Proving the log-normal distribution of the amplification function is important because then peculiar statistical properties apply. For example, if a variable $x$ is normally distributed then the distribution of sample means ( $\bar{x_{n}}$ ) computed from subsets of $n$ samples also are normally distributed. One major output of that is the confidence interval ( $I c$ ). Given that a sample mean ( $\bar{x_{n}}$ ) and unbiased standard deviation ( $s_{n}$ ) have been estimated from a finite number of samples ( $n$ ), the confidence interval is the interval inside which the population mean ( $μ$ ) for an infinite number of samples has a certain confidence level to be included in. It is defined as follows:

I c_{1 - α %} = [\bar{x_{n}} - Z_{α / 2} \frac{s_{n}}{\sqrt{n}}; \bar{x_{n}} + Z_{α / 2} \frac{s_{n}}{\sqrt{n}}], (2)

where $Z_{α / 2}$ is the critical value that defines the confidence level ( $1 - α$ ).
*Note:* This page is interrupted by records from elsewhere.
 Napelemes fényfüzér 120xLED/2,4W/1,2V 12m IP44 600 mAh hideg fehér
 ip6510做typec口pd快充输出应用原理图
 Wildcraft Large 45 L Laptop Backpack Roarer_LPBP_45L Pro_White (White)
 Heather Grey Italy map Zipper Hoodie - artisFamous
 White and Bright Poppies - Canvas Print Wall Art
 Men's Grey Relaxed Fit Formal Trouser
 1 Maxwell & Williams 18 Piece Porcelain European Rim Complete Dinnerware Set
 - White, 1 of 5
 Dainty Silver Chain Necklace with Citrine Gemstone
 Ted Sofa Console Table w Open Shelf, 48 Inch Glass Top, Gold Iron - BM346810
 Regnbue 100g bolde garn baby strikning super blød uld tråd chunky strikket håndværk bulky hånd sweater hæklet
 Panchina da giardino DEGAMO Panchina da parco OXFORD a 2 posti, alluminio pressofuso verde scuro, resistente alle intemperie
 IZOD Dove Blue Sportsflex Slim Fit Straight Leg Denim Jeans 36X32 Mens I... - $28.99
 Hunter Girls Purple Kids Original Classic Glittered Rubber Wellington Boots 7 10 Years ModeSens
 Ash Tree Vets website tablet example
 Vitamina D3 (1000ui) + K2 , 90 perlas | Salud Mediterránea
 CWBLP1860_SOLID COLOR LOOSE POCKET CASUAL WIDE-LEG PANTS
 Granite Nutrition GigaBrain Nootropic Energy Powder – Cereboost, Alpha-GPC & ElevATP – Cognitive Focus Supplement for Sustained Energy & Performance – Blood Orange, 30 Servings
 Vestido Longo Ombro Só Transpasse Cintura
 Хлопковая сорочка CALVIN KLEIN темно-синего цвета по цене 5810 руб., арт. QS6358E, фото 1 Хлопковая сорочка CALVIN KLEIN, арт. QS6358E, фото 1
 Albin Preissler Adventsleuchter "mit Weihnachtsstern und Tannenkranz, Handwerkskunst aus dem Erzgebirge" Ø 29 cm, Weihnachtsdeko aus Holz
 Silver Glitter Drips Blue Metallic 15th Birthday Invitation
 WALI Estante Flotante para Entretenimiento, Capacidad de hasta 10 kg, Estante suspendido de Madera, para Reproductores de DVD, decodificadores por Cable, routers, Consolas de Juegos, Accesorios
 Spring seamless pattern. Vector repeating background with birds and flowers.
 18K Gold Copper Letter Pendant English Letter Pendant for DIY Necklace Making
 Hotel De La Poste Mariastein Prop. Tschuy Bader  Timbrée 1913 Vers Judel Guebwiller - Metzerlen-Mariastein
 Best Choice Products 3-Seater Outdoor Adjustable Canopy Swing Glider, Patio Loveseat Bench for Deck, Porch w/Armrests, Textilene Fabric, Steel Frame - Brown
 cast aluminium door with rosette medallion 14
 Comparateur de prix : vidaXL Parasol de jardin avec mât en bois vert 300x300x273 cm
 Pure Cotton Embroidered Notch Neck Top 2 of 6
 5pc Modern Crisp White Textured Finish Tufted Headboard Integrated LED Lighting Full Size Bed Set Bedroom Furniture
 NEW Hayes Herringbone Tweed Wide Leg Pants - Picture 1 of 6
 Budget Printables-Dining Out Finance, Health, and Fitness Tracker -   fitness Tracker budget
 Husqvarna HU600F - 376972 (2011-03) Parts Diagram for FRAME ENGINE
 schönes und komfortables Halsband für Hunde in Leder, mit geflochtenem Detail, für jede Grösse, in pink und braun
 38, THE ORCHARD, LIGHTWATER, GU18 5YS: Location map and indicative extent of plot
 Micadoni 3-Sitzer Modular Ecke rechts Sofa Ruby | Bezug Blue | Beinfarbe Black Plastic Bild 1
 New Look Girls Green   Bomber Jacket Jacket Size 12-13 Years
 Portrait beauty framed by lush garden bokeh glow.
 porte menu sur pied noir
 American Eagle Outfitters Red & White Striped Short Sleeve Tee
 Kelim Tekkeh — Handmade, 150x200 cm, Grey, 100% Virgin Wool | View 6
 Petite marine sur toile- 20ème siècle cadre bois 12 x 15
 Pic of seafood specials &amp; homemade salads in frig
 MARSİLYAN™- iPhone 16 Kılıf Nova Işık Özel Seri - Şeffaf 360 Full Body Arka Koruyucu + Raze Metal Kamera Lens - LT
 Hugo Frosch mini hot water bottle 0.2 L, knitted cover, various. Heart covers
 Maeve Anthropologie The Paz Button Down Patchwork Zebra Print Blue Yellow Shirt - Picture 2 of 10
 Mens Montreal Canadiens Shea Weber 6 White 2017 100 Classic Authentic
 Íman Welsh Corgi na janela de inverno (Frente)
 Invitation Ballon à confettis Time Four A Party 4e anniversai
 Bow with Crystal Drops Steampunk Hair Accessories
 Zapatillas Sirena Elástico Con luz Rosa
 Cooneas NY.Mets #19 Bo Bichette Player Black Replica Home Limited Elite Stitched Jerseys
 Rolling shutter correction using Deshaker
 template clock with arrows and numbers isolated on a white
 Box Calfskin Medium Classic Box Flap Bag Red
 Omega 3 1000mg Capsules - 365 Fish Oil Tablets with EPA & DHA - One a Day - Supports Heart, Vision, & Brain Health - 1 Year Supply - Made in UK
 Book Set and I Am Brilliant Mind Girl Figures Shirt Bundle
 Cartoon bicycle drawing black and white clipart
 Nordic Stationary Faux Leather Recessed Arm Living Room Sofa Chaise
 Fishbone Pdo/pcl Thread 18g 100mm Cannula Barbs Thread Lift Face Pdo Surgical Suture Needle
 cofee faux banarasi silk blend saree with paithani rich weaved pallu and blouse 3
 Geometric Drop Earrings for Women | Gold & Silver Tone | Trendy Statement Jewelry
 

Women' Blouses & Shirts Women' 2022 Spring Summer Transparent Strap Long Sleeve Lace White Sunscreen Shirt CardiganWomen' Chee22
For a normal distribution and a confidence level of 95%, $Z_{0.025}$ is equal to 1.96. However, because the number of samples can be sometimes very limited (i.e., only a few earthquakes have been recorded), it is preferable to use the Student distribution, also called t-distribution. This distribution correctly accounts for a small number of samples and tends to be a normal distribution as the number of samples increases. For a Student distribution, the formulation of $I c_{1 - α %}$ is the same (Eq. 2), but the estimation of $Z_{α / 2}$ is different, as it now also depends on $n$ . The evolution of $Z_{α / 2, n}$ as a function of $n$ and for the confidence levels 68, 95, 99, and 99.9% is given in Figure 6, left panel. In the following, we will keep using the notation $\bar{x_{n}}$ and $s_{n}$ for the measured sample geometric mean and standard deviation, whereas $μ$ and $σ$ represent the population geometric mean and standard deviation of the distribution. For an infinite number of samples, the two notations become equivalent: $\bar{x_{\infty}} = μ$ and $s_{\infty} = σ$ . Moreover, we will only focus on the confidence level of 95%, because the 95% confidence interval corresponds approximately to the interval comprised between $[- 1.96 σ 1.96 σ]$ , which in turn corresponds to the portion where the Q–Q plot best fit the 1/1 line (Figure 5). As the distribution is not normal but log-normal, we accordingly modified the confidence interval formulation. The 95% confidence interval for a log-Student distribution is finally:

I c_{95 %} = [\bar{x_{n}} * \frac{1}{\exp (Z_{0.025, n} \frac{l n (s_{n})}{\sqrt{n}})}; \bar{x_{n}} * \exp (Z_{0.025, n} \frac{l n (s_{n})}{\sqrt{n}})], (3)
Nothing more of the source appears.